法定的符合説,抽象的符合説のなかでも第二説に立つと,おそらく丙に対する強盗致死罪のみが成立することになり,第三説に立つと,丙に対する強盗致死罪と乙に対する過失致傷罪の観念的競合になるものと考えられる。
判例は,甲が強盗の手段として殺意を持って銃を発射したところ,弾が狙った相手乙を貫通し,たまたま通行中の丙にもしたが,乙,丙とも死亡しなかった事案につき,乙,丙両者に対する強盗殺人未遂罪の成立を認め,両者は観念的競合の関係に立つとして,第一説を採った(最判昭和 53・7・28 集三二・五・一〇六八)。
なお,強盗致傷罪の傷害の結果との関係につき,暴行の故意を必要としないという見解も有力であり,本問でこの見解を採ると,丙の死の結果が「強盗の機会」に生じたものと言い得るかぎり,錯誤を論ずるまでもなく乙に対する強盗致傷,丙に対する強盗致死が成立することになるが,筆者の個人的な見解としては,本問の出題意図は錯誤を論じさせることにあるように考える。

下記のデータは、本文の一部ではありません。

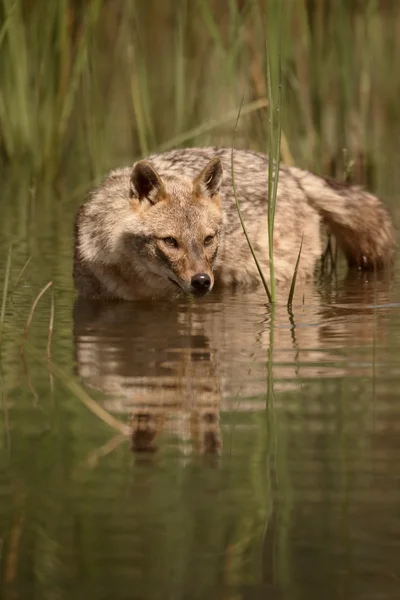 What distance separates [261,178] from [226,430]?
493 centimetres

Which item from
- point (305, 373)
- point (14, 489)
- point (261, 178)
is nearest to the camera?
point (14, 489)

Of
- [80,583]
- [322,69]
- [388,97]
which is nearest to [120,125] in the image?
[388,97]

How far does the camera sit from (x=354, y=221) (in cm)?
1009

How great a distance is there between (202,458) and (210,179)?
4184 mm

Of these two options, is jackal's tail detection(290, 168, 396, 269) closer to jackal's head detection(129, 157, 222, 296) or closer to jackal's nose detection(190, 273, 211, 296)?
jackal's head detection(129, 157, 222, 296)

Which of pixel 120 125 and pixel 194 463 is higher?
pixel 120 125

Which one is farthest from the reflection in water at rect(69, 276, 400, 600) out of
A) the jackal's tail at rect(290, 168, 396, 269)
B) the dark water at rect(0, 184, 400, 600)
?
the jackal's tail at rect(290, 168, 396, 269)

また,本問のように財物奪取が未遂に終わっている場合は強盗致傷未遂とすべきという考え方もあるが,刑法二四〇条は強盗の機会における被害者等の生命・身体の安全を特に保護する趣旨で定められたものであるから,致死傷の結果が生ずれば既遂となると解するのが通説判例である(大連判大一 一・一二・二二集一・一八一五)。